The command etcdctl snapshot save enables us to take a point-in-time snapshot of the etcd cluster.

sudo docker run --rm -v /backup:/backup \
 --network host \
 -v /etc/kubernetes/pki/etcd:/etc/kubernetes/pki/etcd \
 --env ETCDCTL_API=3 \
 k8s.gcr.io/etcd-amd64:3.2.18 \
 etcdctl --endpoints=https://127.0.0.1:2379 \
 --cacert=/etc/kubernetes/pki/etcd/ca.crt \
 --cert=/etc/kubernetes/pki/etcd/healthcheck-client.crt \
 --key=/etc/kubernetes/pki/etcd/healthcheck-client.key \
 snapshot save /backup/etcd-snapshot.db

This command creates an etcd snapshot by spinning up an etcd container and saves it in the /backup directory.

9.1.2. etcdctl snapshot restore

In the event of a disaster, it is possible to spin up a Kubernetes cluster using the etcd snapshots. Use the etcdctl snapshot restore command to restore a specific snapshot taken to the /var/lib/etcd folder. After restoring, confirm if the /var/lib/etcd folder has been populated with the member folder. The following is an example of etcdctl snapshot restore command.

# etcdctl snapshot restore '/backup/etcd-snapshot-latest.db' ; mv /default.etcd/member/ /var/lib/etcd/

Before you initialize the Kubernetes cluster, copy all the necessary certificates.
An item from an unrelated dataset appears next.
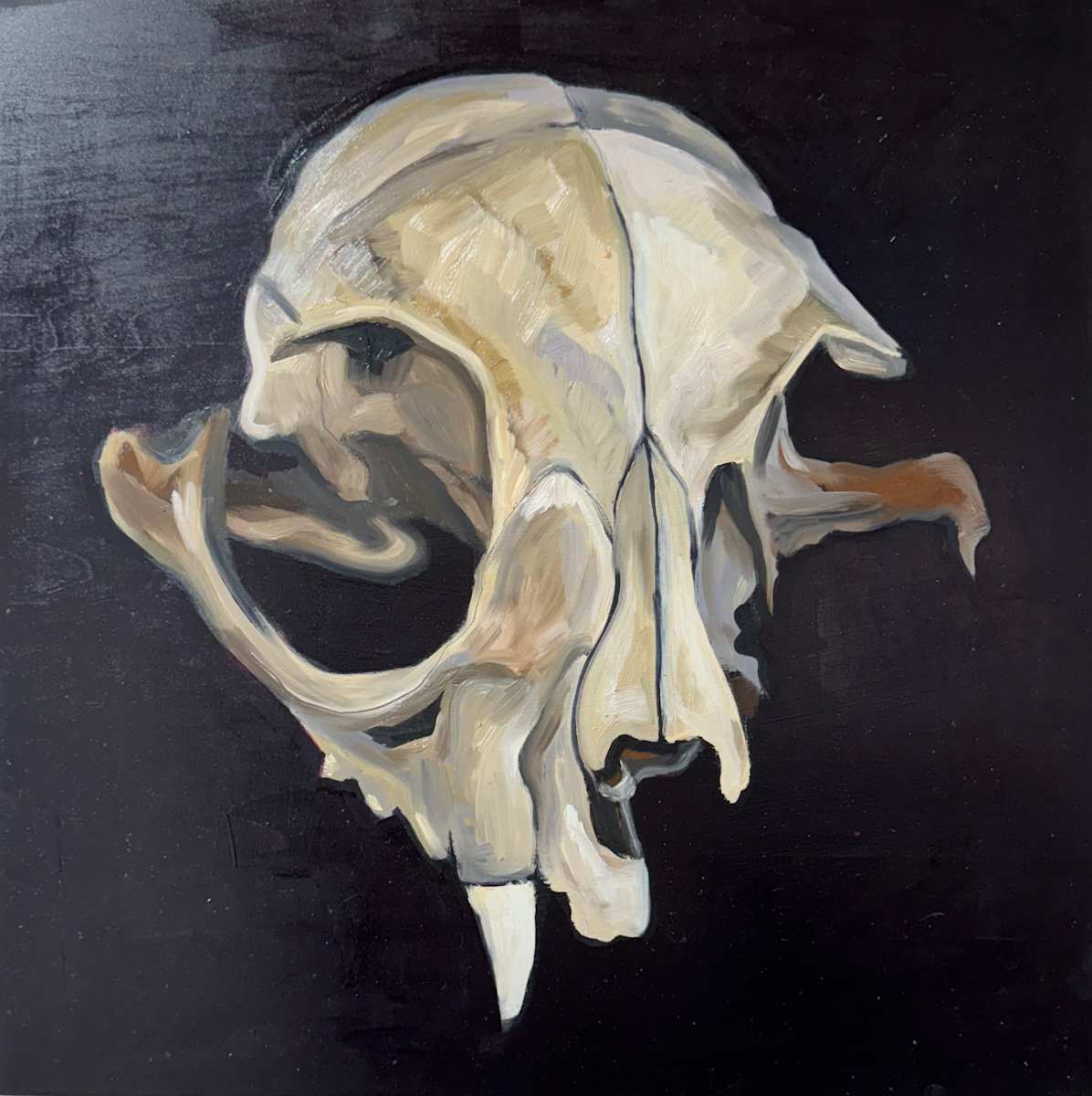 Everything That Ever Was, Still Is by Kelly Kirkby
Create the cluster with the --ignore-preflight-errors=DirAvailable--var-lib-etcd flag. After the cluster comes up make sure that the kube-system pods have started. Use the kubectl get crd command to verify if the custom resources created by Trident are present and retrieve Trident objects to make sure that all the data is available.

9.2. ONTAP Snapshots

The following sections talk in general about how ONTAP Snapshot technology can be used to take backups of the volume and how these snapshots can be restored. Snapshots play an important role by providing point-in-time recovery options for application data. However, snapshots are not backups by themselves, they will not protect against storage system failure or other catastrophes. But, they are a convenient, quick, and easy way to recover data in most scenarios.

9.2.1. Using ONTAP snapshots with containers

If the snapshot policy has not been defined in the backend, it defaults to using the none policy. This results in ONTAP taking no automatic snapshots. However, the storage administrator can take manual snapshots or change the snapshot policy via the ONTAP management interface. This will not affect Trident operation.

The snapshot directory is hidden by default. This helps facilitate maximum compatibility of volumes provisioned using the ontap-nas and ontap-nas-economy drivers.

9.2.2. Accessing the snapshot directory

Enable the .snapshot directory when using the ontap-nas and ontap-nas-economy drivers to allow applications to recover data from snapshots directly.

9.2.3. Restoring the snapshots

Restore a volume to a state recorded in a prior snapshot using the volume snapshot restore ONTAP CLI command. When you restore a Snapshot copy, the restore operation overwrites the existing volume configuration. Any changes made to the data in the volume after the Snapshot copy was created are lost.

cluster1::*> volume snapshot restore -vserver vs0 -volume vol3 -snapshot vol3_snap_archive

9.3. Data replication using ONTAP

Replicating data can play an important role in protecting against data loss due to storage array failure. Snapshots are a point-in-time recovery which provides a very quick and easy method of recovering data which has been corrupted or accidentally lost as a result of human or technological error. However, they cannot protect against catastrophic failure of the storage array itself.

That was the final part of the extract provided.